The entries underneath need to be duplicated exactly, with none omitted.

─── Records for the exercise

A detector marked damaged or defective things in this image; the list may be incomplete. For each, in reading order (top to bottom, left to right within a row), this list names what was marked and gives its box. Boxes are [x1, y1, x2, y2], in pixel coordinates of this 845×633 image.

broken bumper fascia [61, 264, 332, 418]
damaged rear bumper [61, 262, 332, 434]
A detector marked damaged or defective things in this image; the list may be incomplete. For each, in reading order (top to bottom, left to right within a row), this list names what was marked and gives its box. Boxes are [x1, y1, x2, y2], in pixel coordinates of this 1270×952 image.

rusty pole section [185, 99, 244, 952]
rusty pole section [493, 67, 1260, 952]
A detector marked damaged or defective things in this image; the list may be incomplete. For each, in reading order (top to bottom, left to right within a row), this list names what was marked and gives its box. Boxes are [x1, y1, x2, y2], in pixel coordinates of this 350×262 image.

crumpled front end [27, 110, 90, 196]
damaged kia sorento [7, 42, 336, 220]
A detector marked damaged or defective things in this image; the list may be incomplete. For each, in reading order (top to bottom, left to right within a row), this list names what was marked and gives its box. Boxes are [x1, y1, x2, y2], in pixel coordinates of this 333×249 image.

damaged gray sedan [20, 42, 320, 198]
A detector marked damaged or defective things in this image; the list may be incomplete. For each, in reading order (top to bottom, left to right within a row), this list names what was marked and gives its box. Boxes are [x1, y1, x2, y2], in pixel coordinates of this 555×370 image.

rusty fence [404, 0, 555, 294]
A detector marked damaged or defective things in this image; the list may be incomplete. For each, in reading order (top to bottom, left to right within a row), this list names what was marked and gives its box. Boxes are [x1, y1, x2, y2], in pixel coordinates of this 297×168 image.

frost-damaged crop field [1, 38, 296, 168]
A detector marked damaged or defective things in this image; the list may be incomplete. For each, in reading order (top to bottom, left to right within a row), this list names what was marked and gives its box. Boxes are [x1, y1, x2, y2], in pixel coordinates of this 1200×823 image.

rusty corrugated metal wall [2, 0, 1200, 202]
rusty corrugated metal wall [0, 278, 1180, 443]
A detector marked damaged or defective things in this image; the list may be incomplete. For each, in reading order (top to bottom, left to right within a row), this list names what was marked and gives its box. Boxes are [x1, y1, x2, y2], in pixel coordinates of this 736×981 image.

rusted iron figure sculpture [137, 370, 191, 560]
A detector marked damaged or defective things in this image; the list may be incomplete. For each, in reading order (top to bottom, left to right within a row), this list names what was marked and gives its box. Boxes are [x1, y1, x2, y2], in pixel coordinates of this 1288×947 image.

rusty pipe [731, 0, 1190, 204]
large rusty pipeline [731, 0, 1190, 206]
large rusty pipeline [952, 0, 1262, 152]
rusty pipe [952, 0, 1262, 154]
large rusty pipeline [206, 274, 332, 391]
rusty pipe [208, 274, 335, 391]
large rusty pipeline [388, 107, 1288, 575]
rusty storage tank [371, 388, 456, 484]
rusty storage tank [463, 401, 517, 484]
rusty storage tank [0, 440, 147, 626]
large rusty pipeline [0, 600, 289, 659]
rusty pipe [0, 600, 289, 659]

──────

Solution to this problem:
A detector marked damaged or defective things in this image; the list may be incomplete. For each, in reading order (top to bottom, left to right within a row), this list names what was marked and gives its box. Boxes are [x1, y1, x2, y2], in pixel coordinates of this 845×633 image.

broken bumper fascia [61, 264, 332, 418]
damaged rear bumper [61, 262, 332, 434]
A detector marked damaged or defective things in this image; the list may be incomplete. For each, in reading order (top to bottom, left to right within a row), this list names what was marked and gives its box. Boxes are [x1, y1, x2, y2], in pixel coordinates of this 1270×952 image.

rusty pole section [185, 99, 244, 952]
rusty pole section [493, 67, 1260, 952]
A detector marked damaged or defective things in this image; the list may be incomplete. For each, in reading order (top to bottom, left to right within a row), this list names what was marked and gives its box. Boxes are [x1, y1, x2, y2], in pixel coordinates of this 350×262 image.

crumpled front end [27, 110, 90, 196]
damaged kia sorento [7, 42, 336, 220]
A detector marked damaged or defective things in this image; the list may be incomplete. For each, in reading order (top to bottom, left to right within a row), this list names what was marked and gives its box. Boxes are [x1, y1, x2, y2], in pixel coordinates of this 333×249 image.

damaged gray sedan [20, 42, 320, 198]
A detector marked damaged or defective things in this image; the list may be incomplete. For each, in reading order (top to bottom, left to right within a row), this list names what was marked and gives its box. Boxes are [x1, y1, x2, y2], in pixel coordinates of this 555×370 image.

rusty fence [404, 0, 555, 294]
A detector marked damaged or defective things in this image; the list may be incomplete. For each, in reading order (top to bottom, left to right within a row), this list names what was marked and gives its box. Boxes are [x1, y1, x2, y2], in pixel coordinates of this 297×168 image.

frost-damaged crop field [1, 38, 296, 168]
A detector marked damaged or defective things in this image; the list may be incomplete. For each, in reading order (top to bottom, left to right within a row), this list names what was marked and gives its box. Boxes are [x1, y1, x2, y2], in pixel coordinates of this 1200×823 image.

rusty corrugated metal wall [2, 0, 1200, 202]
rusty corrugated metal wall [0, 278, 1180, 443]
A detector marked damaged or defective things in this image; the list may be incomplete. For each, in reading order (top to bottom, left to right within a row), this list names what was marked and gives its box. Boxes are [x1, y1, x2, y2], in pixel coordinates of this 736×981 image.

rusted iron figure sculpture [137, 370, 191, 560]
A detector marked damaged or defective things in this image; the list may be incomplete. For each, in reading order (top to bottom, left to right within a row), this list names what was marked and gives its box. Boxes are [x1, y1, x2, y2], in pixel coordinates of this 1288×947 image.

rusty pipe [731, 0, 1190, 204]
large rusty pipeline [731, 0, 1190, 206]
large rusty pipeline [952, 0, 1262, 152]
rusty pipe [952, 0, 1262, 154]
large rusty pipeline [206, 274, 332, 391]
rusty pipe [208, 274, 335, 391]
large rusty pipeline [388, 107, 1288, 575]
rusty storage tank [371, 388, 456, 484]
rusty storage tank [463, 401, 517, 484]
rusty storage tank [0, 440, 147, 626]
large rusty pipeline [0, 600, 289, 659]
rusty pipe [0, 600, 289, 659]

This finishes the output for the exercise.